Telecom operators had a busy year in the Internet of Things market and 2017 promises an even bigger flurry of activity.
Analysys Mason has released its predictions for IoT in 2017, including key developments in low-power, wide-area (LPWA) technologies, connected cars and smart cities.
Operators "may make more bold moves in 2017, as they feel under pressure to grow IoT revenues more quickly," it said.

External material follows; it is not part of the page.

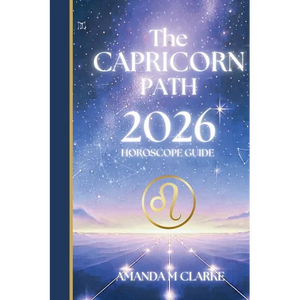 The CAPRICORN Path: Your full 2026 Daily Horoscope Guide - Paperback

Analysys Mason's analysts and consultants outlined their expectations for IoT in 2017:
Telecom operators' strategies for IoT
Telecom operators will be under pressure to grow IoT revenues faster, possibly through acquisitions. Currently, revenue from IoT accounts for less than 1% of most operators’ total revenue. It will take until 2025 for IoT to exceed 5% of operators' total revenue, even starting from 1% and growing by 20% each year, which is roughly in line with current growth rates for operators’ IoT businesses. Senior management may view this as too long a time scale and some operators may explore acquisitions or investments as a result.
5G and IoT
IoT will become less important to 5G. Almost all presentations on 5G mention IoT, but the reverse is not true -- few presentations on IoT mention 5G. IoT firms are already developing offerings and are not waiting for the launch of 5G. Massive machine-type connectivity, or IoT, has been one of the key use cases proposed for 5G, but this aspect will receive less attention in 2017. The focus for 5G may instead be on nearer-term use cases, such as high-speed access in the final mile, as proposed by Verizon.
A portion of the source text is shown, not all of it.